A new analysis by researchers at Brown University reveals that the current Star rating system for Medicare Advantage (MA) plans doesn’t always mean gold-level care for racial/ethnic minorities and socioeconomically disadvantaged enrollees in the plans.

A 5-Star rating is something all MA plans want to achieve. It’s a badge of honor, indicating the health plan offers top-level care to members. Plans with 4 or 5 Stars also receive financial incentives. But a new study published in JAMA Health Forum finds that 5 Stars doesn’t mean plans provide high-quality care for all.

Researchers from Brown University, led by David J. Meyers, Ph.D., conducted a cross-sectional study that looked at the experiences of 1,578,564 MA enrollees from 454 contracts in 2015 and 2016, taking into consideration racial/ethnic and socioeconomic factors. The research team wanted to determine whether there is an association between an MA contract’s overall Star rating and what the rating would have been if calculated for the contract’s members who are racial/ethnic minorities or who have a lower socioeconomic status. They also addressed whether contracts with higher Star ratings have lower disparities in care.

In an interview with Brown University, Meyers, a Brown assistant professor of health services, policy, and practice, explained that the team compiled data from five different sources to recreate 75 percent of the measures that go into the Star rating calculation. From that individual data, the team reconstructed CMS Star ratings broken down by race, ethnicity, and socioeconomic status.
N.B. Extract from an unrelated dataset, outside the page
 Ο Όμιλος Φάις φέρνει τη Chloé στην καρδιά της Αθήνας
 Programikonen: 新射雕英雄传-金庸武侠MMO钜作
They found that the simulated Star ratings for those with a lower socioeconomic status and Black and Hispanic enrollees were substantially lower than ratings for those who had a higher socioeconomic status and white enrollees in the same contract. There was little correlation between ratings for each group, and higher-performing plans as measured by the Star rating had larger racial/ethnic and socioeconomic disparities in care.

The team determined that although the MA Star ratings are designed to reflect the overall performance of a plan, the system is only modestly associated with quality for racial/ethnic minorities and enrollees of low socioeconomic status in the same plan.

“It's clear from this study that the way the current Star ratings are constructed, they’re not capturing the full experience of all beneficiaries,” Meyers told Brown University News, noting that because MA plans can earn higher ratings even if they don’t adequately serve minority members, it doesn’t leave them with an incentive to address health equity. This is especially a concern since MA plans typically enroll higher proportions of racial/ethnic minorities and people with lower income and education than original Medicare.

Most concerning is the fact that as the Star ratings went up, the disparities increased among beneficiaries of different racial, ethnic, and socioeconomic groups, he said.

“It was within the 5-Star plans where we saw the largest disparity in outcomes between high socioeconomic status and low socioeconomic status beneficiaries, between white and Black beneficiaries, between white and Hispanic beneficiaries,” he said.

While the study did not examine the reasons for these differences, Meyers said they may have to do with structural barriers such as reduced access to providers as well as structural racism—similar barriers to care that lead to health care inequities in general.

His main concern is that the current system for calculating the ratings doesn’t leave MA plans with adequate incentives to address disparities. “These results call for more attention by plans to ensure that they’re doing everything they can to address these disparities in outcomes,” he said.

To address the problems, the research team said that CMS could make the stratified ratings public and include a measure of equity in the ratings calculation.

“Right now, there are about 30 different measures that are factored into Star ratings,” Meyers said. “Adding a measure that judged a plan on how well they addressed disparities could create more of an incentive for plans to try to ensure that they're providing high-quality care to all of their beneficiaries, and that no group falls through the cracks.”